Guest Blogger: Sandra Roberson

It was the most selfish and stupid thing I’ve ever done. At age 30, I was diagnosed with high blood pressure. I wasn’t surprised since it runs rampant in my family, but I was irritated to have to take a pill every day. 

Around my 35th birthday, I started working out with a trainer 3-4 days a week. I changed my eating habits and felt the best I had felt in my life. I decided I didn’t need the blood pressure pill anymore and stopped taking the medication. Unbeknownst to me, an aneurysm – a weakening or ballooning-out of an artery wall – started growing in my brain. My blood pressure crept back up. I had no symptoms of either.

On August 21, 2009, I immediately knew something was wrong while at the gym finishing my second sit-up.
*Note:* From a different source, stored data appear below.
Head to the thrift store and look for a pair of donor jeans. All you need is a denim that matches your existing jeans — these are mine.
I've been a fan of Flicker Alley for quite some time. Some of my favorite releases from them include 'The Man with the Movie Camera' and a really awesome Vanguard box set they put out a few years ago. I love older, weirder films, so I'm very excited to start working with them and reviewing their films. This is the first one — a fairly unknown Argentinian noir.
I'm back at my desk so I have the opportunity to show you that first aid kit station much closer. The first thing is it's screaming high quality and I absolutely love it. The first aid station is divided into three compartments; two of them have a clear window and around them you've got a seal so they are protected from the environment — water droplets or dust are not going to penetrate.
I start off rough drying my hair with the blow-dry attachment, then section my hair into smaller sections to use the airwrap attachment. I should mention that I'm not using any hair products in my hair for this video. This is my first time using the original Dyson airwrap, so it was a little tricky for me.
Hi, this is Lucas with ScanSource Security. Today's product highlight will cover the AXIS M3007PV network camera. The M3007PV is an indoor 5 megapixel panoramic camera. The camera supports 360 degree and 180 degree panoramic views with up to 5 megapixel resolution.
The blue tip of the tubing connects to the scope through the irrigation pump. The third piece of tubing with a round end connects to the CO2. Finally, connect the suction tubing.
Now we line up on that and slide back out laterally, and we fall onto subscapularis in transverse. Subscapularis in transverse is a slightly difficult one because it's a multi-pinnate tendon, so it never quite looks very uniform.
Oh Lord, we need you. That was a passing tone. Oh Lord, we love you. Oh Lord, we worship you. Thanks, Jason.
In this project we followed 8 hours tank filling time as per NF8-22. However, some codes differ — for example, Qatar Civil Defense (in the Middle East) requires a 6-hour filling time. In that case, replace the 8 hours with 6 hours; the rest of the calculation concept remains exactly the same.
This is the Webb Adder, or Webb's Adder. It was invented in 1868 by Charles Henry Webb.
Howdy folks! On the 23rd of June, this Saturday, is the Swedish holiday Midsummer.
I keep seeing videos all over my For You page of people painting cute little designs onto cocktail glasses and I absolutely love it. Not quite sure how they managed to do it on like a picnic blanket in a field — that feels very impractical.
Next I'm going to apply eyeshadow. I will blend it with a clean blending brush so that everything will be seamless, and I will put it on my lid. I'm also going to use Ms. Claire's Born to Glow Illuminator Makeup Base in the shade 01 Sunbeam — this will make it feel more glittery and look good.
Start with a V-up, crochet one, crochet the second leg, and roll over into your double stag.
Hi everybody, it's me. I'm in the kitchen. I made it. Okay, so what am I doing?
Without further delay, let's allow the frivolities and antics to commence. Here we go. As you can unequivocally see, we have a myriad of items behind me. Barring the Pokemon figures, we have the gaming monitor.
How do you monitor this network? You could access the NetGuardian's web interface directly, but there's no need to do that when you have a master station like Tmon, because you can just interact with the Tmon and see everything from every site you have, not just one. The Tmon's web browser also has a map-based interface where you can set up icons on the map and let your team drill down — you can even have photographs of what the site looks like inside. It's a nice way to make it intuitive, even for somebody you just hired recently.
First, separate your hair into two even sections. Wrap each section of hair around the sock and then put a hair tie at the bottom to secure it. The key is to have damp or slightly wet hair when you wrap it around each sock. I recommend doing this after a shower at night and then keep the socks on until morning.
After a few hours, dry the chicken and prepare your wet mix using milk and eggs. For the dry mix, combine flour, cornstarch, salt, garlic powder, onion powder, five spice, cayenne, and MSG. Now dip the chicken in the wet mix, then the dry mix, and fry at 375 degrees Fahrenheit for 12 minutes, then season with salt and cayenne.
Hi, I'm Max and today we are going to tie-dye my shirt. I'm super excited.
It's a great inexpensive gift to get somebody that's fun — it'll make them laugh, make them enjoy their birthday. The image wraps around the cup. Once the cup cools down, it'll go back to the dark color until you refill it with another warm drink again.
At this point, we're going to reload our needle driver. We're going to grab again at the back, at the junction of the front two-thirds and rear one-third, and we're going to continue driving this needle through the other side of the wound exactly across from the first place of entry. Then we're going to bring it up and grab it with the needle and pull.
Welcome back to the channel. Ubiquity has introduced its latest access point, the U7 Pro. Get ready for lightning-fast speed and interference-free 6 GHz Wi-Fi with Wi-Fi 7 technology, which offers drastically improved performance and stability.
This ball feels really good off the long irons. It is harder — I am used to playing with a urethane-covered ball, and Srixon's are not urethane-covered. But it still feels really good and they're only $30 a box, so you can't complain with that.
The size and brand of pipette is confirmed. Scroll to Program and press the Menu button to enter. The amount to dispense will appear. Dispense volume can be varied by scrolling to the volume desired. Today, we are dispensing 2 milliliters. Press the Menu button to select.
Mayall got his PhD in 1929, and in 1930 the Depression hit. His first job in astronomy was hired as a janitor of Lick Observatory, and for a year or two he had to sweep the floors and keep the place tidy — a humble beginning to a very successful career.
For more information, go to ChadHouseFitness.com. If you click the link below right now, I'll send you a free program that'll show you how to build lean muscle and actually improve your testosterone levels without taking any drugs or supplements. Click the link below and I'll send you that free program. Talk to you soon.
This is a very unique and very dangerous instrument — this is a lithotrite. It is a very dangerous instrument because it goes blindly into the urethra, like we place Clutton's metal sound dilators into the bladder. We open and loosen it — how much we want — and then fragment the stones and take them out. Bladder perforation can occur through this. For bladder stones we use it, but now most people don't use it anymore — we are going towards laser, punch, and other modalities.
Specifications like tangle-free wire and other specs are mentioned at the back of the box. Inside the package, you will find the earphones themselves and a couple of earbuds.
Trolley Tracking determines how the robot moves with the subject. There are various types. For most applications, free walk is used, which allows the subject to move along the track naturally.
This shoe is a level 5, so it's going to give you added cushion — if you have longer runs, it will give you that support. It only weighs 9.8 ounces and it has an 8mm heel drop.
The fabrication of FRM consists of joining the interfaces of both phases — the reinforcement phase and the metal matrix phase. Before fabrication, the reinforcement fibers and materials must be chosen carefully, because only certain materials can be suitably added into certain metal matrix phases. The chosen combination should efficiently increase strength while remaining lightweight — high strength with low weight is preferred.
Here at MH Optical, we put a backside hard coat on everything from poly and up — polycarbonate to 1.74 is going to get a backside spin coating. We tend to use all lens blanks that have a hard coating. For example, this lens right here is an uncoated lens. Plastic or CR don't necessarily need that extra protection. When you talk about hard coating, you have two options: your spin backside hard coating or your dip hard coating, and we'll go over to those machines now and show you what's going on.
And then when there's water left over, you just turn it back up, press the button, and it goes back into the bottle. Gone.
I felt like I had been hit with a baseball bat. I was dizzy, but I kept telling myself if I could just get home and take a nap, I’d be fine.

Luckily, a nearby paramedic and my friends persuaded me to seek medical help. I ended up on the floor of the emergency room, and that is the last thing I remember for three weeks.

My brain aneurysm had burst. My high blood pressure had put too much pressure on my weakened blood vessel and I suffered a hemorrhagic stroke. My family was told there was only a small chance I would recover. They heard that 40% of people like me never make it to the hospital. 40% do, but then die. 10% live but need constant care. Only 10% make a full recovery. 

I’m told how strong I am to have survived. No, I am not the strong one. My mom, who sat in a waiting room for three weeks, and my dad, who drove an hour and a half every day for three weeks, so they could sit with me for only ten minutes at a time, are strong. Me? I had it easy.

Stroke recovery is difficult. I had to move in with my parents. Everything I picked up, I dropped. Dad says it is a miracle my Blackberry survived. I couldn’t hold a cup for more than a few minutes. I didn’t know what day it was unless I checked the makeshift bedside calendar my mom had made for me.

Six weeks later, I began working a few hours a day. It took almost a year to make it through an entire workday without a nap. I dealt with depression, a common after effect. A stent had to be inserted into my brain after two years, causing seizures. It was a long, long road back.

And I could probably have avoided it all if I had stayed on my blood pressure medicine in the first place. Now each morning, the first thing I do is take that pill. No longer is it annoying. It’s a lifesaver.

What I put my loved ones through was selfish and stupid. If I can influence one person to keep their blood pressure under control, then my story will continue to be one of success.